Photograph: Jason Lowe

Spotting the difference between these two statesman like areas of Bordeaux doesn’t require MW-level knowledge (although it helps). We asked Anne McHale MW to give us a guide to telling your Left Bank from your Right.

Bordeaux is a region known for its range of wine, but is particularly famous for its reds. These come in subtly different styles, all a blend of different grape varieties (the principal two being Cabernet Sauvignon and Merlot). The two best-known styles of Bordeaux red are called Left Bank and Right Bank. Why is this… and how can we tell the difference?

The landscape in Bordeaux is dominated by rivers. The Garonne river lies to the south and the Dordogne to the north; these two then meet to form the Gironde estuary which flows out into the Atlantic ocean. The land to the south and west of the Garonne and Gironde is known as the ‘Left Bank’, whereas the area to the north and east of the Dordogne is known as ‘The Right Bank’. The rivers mark important dividing lines in the region’s underlying geology. Left Banks soils are mainly gravel with some outcrops of clay; Right Bank soils are dominated by clay-limestone.

These differing soil types cater to the needs of different red grape varieties. The Cabernet Sauvignon vine ripens late in the season and needs to remain as warm and dry as possible. Gravel is perfect for this since it is free-draining and its large stones retain heat. The Merlot vine, on the other hand, ripens earlier and likes to be cool and moist – perfect in clay-limestone.

It follows, then, that the majority of plantings on the Left Bank will be Cabernet Sauvignon and on the Right Bank Merlot. How does this affect the style of the wines? Cabernet Sauvignon is a variety with small, thick-skinned grapes, giving a high skin-juice ratio when the grapes are crushed. Since the skins contain the tannins and colour pigments, this means that Cabernet Sauvignon-dominant wines are deeply coloured and very tannic in youth; almost austerely so. They have a distinctive blackcurrant aroma and develop lovely cedary, cigar-box flavours with age. Merlot, on the other hand, has bigger grapes with thinner skins and as a result has lower tannin levels in the wines when young, making them more approachable at an earlier age.
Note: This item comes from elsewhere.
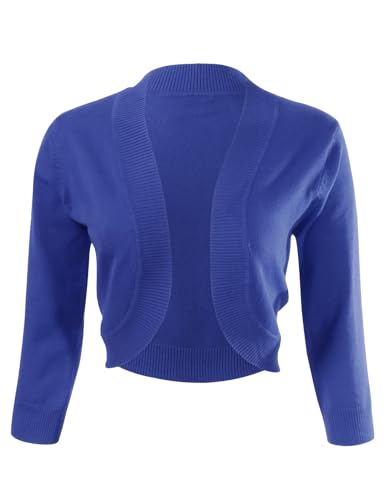 Image of Allsense Women's 3 /4 Sleeve Bolero Shrug for Dresses | Open Front Cropped Cardigan, Lightweight Knit Dress Cover Up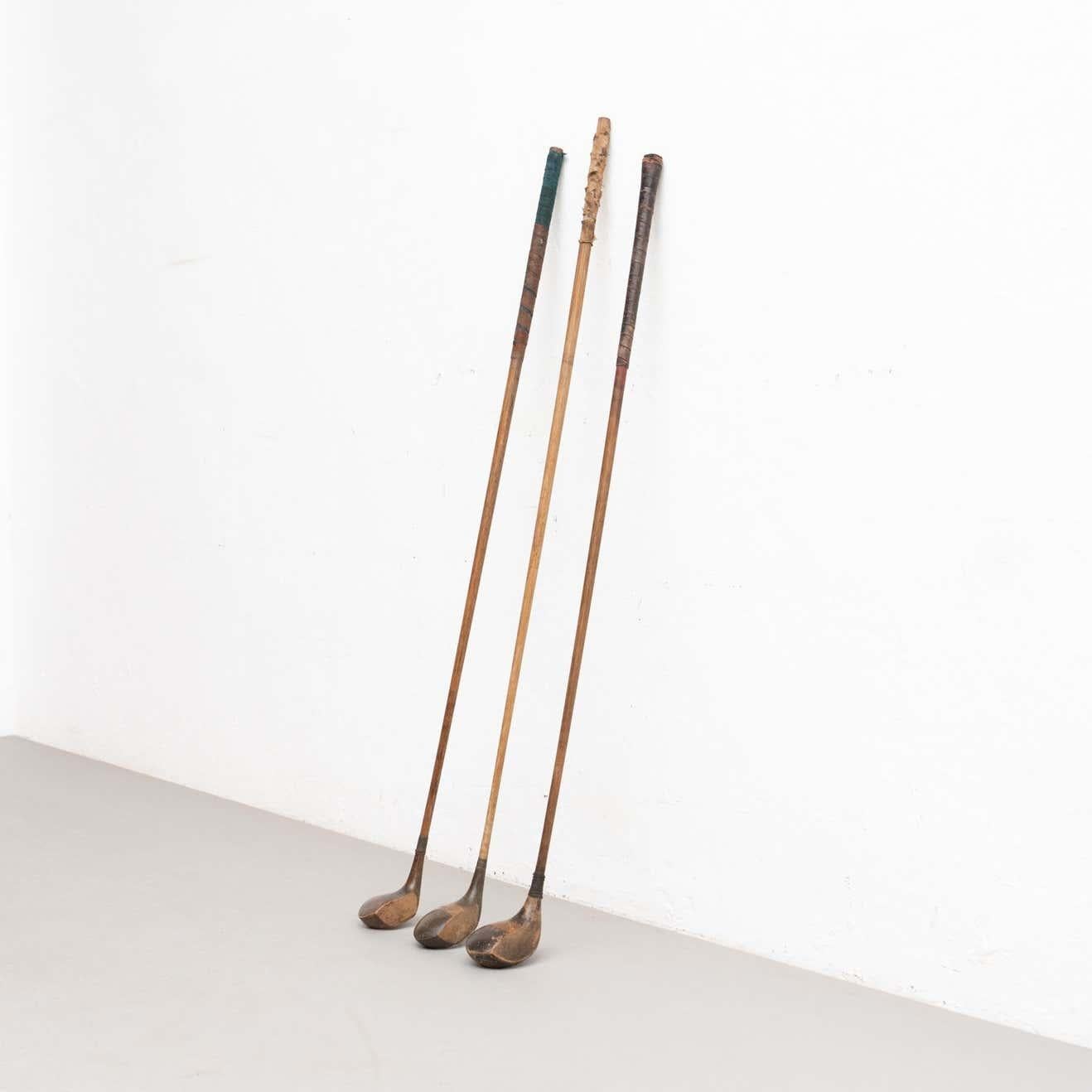 Mid-Century Modern Set of 3 Antique Wood Golf Clubs, circa 1930 For Sale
It also gives wines with a soft, plummy flavour and some say a ‘voluptuous’ texture which gives a hedonistic feel to Right Bank wines.

So: to summarise, Left Bank wines are mainly Cabernet Sauvignon and will be more tannic and austere when young, but with more ageing potential conferred by the high tannin level. Right Bank wines are mainly Merlot and will usually give more immediate drinking pleasure, but most do not have quite as long a lifespan as their counterparts on the Left Bank. Both, however, are capable of sublime examples and to compare and contrast them directly is a fascinating lesson in the subtleties of great wine.